How did this changeover from a Saturday to a Sunday sabbath come about?
Even though Sunday was the day on which Jesus was resurrected, for early Christians it was a workday like any other. But a decision by a Laodicean church council (mid-to-late fourth century C.E.) reveals that with the passing of time, the Jewish Sabbath on Saturday was replaced by a “Christian” sabbath on Sunday. This canon “forbade Christians to Judaize and to be idle on the day of the [Jewish] Sabbath, and the Lord’s day [the day of the week on which he was resurrected] was to be honored in a Christian way.” From then on Christendom’s adherents had to work on Saturdays and refrain from work on Sundays. Later, they were required to attend Mass on Sunday.
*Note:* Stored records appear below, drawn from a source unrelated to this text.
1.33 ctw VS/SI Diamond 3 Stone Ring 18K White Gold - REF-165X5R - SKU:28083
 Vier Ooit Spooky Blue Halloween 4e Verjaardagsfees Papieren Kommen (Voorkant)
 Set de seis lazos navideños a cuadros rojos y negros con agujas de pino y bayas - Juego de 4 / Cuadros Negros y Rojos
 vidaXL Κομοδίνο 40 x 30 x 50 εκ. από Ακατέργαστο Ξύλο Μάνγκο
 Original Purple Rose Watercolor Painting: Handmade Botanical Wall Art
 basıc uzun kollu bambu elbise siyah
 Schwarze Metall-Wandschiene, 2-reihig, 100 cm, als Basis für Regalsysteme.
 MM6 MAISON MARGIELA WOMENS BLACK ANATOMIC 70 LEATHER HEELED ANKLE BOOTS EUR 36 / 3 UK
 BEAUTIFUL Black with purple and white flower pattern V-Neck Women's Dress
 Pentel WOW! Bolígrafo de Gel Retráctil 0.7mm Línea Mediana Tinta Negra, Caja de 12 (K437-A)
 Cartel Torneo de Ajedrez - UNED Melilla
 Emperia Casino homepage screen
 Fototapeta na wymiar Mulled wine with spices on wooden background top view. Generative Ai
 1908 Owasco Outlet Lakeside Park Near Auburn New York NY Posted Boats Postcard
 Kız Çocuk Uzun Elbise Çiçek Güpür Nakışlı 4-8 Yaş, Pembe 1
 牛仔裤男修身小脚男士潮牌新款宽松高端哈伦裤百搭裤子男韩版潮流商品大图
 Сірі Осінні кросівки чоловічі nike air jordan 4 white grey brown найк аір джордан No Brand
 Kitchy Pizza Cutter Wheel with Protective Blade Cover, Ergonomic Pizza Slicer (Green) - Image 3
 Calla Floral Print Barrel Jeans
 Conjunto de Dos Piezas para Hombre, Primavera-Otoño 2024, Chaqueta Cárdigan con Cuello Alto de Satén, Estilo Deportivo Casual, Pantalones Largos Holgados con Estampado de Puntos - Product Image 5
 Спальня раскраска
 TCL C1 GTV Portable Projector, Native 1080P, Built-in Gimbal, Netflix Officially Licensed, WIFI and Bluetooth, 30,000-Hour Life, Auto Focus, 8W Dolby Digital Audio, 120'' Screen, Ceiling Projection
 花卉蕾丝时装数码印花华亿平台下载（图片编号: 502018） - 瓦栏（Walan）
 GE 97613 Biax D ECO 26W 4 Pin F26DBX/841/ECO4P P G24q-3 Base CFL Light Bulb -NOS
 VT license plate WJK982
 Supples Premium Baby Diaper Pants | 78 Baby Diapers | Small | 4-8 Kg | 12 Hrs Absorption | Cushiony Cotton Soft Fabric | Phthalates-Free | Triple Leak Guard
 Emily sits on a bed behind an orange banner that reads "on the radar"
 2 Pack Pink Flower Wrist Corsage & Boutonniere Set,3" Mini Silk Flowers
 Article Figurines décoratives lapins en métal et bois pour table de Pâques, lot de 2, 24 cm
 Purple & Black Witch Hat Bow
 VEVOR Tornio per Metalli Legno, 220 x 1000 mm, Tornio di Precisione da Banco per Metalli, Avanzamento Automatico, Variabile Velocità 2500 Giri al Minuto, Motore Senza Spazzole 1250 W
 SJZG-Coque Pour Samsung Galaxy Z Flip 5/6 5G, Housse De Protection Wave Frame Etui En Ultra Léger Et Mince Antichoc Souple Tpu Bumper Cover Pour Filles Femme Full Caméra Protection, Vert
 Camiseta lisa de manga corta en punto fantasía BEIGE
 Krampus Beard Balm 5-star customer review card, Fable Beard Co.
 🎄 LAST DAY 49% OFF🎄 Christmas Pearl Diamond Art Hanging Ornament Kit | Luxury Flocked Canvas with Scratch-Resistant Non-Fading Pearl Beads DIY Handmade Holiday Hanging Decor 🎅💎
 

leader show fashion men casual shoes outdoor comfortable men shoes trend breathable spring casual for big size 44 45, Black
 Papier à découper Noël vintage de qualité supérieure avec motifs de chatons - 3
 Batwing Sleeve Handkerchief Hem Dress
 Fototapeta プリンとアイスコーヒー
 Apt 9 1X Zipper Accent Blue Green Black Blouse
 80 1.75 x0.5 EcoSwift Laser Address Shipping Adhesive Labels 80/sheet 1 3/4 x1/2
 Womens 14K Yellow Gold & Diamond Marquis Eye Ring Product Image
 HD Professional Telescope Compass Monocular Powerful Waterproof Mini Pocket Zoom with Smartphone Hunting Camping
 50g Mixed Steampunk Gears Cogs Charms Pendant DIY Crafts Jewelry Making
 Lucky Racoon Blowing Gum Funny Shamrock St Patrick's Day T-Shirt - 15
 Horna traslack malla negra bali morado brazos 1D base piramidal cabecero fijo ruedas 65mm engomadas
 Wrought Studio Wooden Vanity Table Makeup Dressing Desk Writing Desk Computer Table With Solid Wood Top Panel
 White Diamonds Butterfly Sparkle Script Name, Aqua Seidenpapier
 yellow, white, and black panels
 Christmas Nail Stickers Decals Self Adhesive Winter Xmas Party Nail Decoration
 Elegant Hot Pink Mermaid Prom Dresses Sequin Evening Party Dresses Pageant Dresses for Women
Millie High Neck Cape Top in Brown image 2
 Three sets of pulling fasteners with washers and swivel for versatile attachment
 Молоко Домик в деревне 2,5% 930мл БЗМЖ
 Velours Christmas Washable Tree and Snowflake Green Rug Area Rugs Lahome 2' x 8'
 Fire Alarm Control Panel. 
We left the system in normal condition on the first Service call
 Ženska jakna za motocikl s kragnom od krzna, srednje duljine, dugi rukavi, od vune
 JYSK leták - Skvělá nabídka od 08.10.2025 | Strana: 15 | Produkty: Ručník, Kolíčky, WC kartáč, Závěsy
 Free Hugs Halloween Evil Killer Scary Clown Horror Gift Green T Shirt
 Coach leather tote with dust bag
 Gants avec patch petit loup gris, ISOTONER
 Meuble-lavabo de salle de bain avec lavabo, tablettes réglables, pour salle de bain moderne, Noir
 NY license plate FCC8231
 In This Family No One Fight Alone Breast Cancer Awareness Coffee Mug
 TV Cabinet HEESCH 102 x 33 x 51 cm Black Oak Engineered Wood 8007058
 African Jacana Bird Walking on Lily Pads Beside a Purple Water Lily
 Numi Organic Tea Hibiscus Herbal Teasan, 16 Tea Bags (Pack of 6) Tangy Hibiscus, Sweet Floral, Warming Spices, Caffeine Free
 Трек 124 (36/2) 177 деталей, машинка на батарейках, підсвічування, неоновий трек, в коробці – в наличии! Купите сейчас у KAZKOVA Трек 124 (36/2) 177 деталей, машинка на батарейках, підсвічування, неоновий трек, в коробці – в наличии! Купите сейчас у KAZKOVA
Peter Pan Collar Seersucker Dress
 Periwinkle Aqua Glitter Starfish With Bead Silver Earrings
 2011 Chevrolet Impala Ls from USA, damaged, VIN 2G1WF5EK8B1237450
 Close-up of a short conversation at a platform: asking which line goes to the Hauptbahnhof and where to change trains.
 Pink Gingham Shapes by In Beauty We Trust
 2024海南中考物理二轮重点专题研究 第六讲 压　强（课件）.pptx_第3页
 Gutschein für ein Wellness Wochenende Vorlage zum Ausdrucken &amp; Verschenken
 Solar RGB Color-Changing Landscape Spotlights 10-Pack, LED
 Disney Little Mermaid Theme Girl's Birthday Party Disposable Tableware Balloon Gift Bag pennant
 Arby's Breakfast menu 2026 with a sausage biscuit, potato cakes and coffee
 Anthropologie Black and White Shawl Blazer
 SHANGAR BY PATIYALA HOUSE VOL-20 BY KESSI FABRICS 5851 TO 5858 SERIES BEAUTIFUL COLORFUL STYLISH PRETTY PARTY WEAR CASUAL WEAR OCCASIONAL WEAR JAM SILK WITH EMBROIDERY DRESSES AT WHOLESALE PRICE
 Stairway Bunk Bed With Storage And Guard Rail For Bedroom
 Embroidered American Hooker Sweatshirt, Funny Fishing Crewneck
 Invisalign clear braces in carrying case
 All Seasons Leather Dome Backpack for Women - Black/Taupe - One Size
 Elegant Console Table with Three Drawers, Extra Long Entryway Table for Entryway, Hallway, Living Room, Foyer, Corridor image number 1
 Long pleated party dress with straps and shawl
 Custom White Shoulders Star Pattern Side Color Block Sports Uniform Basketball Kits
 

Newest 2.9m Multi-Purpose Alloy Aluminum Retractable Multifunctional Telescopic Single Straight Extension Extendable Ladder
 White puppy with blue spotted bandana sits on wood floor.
With the backing of the secular authorities, work on Sundays was soon prohibited throughout Christendom. From the sixth century onward, transgressors were fined or whipped, and their oxen could be confiscated. On occasion, unrepentant sinners could be reduced to servitude.

In a sense, laws relating to acceptable work on Sundays were as complex as traditions governing the Jewish Sabbath. The Dictionnaire de théologie catholique gives lengthy explanations regarding the development of church casuistry and, among the things prohibited, mentions servile work, farm work, legal proceedings, markets, and hunting.

Paradoxically, the Jewish Sabbath was referred to as justification for these prohibitions. The New Catholic Encyclopedia mentions Emperor Charlemagne’s laws regarding Sundays: “The Sabbatarian idea, expressly repudiated by St. Jerome and condemned by the Council of Orléans in 538 as Jewish and non-Christian, was clearly stated in Charlemagne’s decree of 789, which forbade all labor on Sunday as a violation [of the Ten Commandments].” Thus, although it pleased the church to see the civil authorities impose a Sunday day of rest, it allowed this secular arm to justify these restrictions on the basis of a legal foundation it rejected, namely, the Mosaic law concerning the Sabbath.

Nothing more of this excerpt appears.